Kaare Christian
Kaare Christian is a research associate at Rockefeller University. He is a frequent contributor to PC Magazine and is the author of the forthcoming Microsoft Guide to C++ Programming (Microsoft Press).
QI’m currently using a C subroutine library to access records from a simple mailing list database. Can I continue to use this library, even though I’m rewriting most of my software in C++ using MicrosoftÒ C/C++ 7.0?
AOne of C++’s most important features is its compatibility with C. Yes, you can use C library functions in a C++ program. In fact, you’ll probably do it all the time.
Often, the only thing you need to do is to let your C++ compiler know that the functions are C functions. I assume that your C subroutine library already has an include file with full function prototypes. If you are missing a few prototypes, or if some are incomplete, repair that first. (If you don’t have a set of function prototypes, but you have the library source, Microsoft C/C++ 7.0 can easily generate the prototypes using the /Zg option.)
Given a C header file with accurate and complete function prototypes, include it in your C++ source file using the following syntax:
extern "C"
{
#include "dblib.h"
}
The extern "C" construct is called a linkage specification. It identifies a region of the source in which C linkage is in force. Above, the linkage specification makes it possible to access the C functions in DBLIB.H from C++ code.

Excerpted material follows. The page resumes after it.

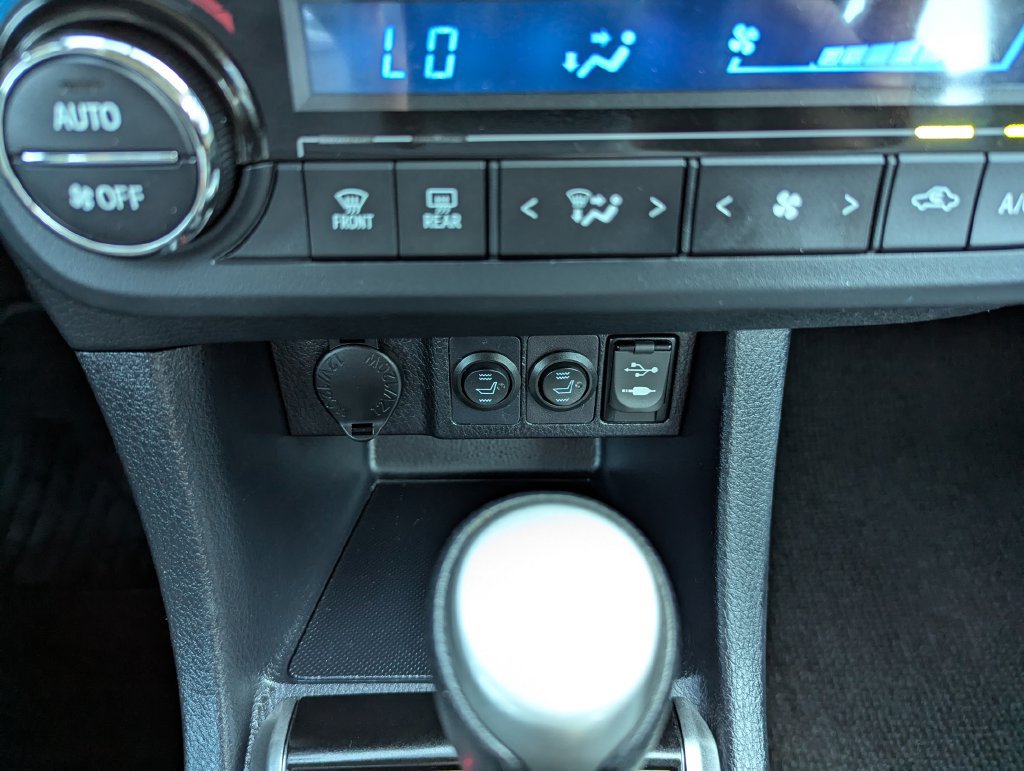 Used 2016 Toyota Corolla LE FWD image 24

If you need to use extern C in a header that has to be included into C or C++ programs, you may use the #ifdef conditional and the _ _cplusplus predefined identifier. During a C compile, the _ _cplusplus identifier is undefined and during a C++ compile it is defined.
#ifdef _ _cplusplus
extern "C" {
#endif
BOOL _ _cdecl ReadDBFRecord(int key, dbfRecord *rec,
int maxrecordlen);
BOOL _ _cdecl WriteDBFRecord(int key, dbfRecord *rec,
int recordlen);
#ifdef _ _cplusplus
}
#endif
Actually, the #ifdef _ _cplusplus identifier is useful in many places where you want to segregate C++ code from C code.
You should also make sure that your C database routines have been compiled using the C component of Microsoft C/C++ 7.0. This ensures that compiler helper functions are all in sync.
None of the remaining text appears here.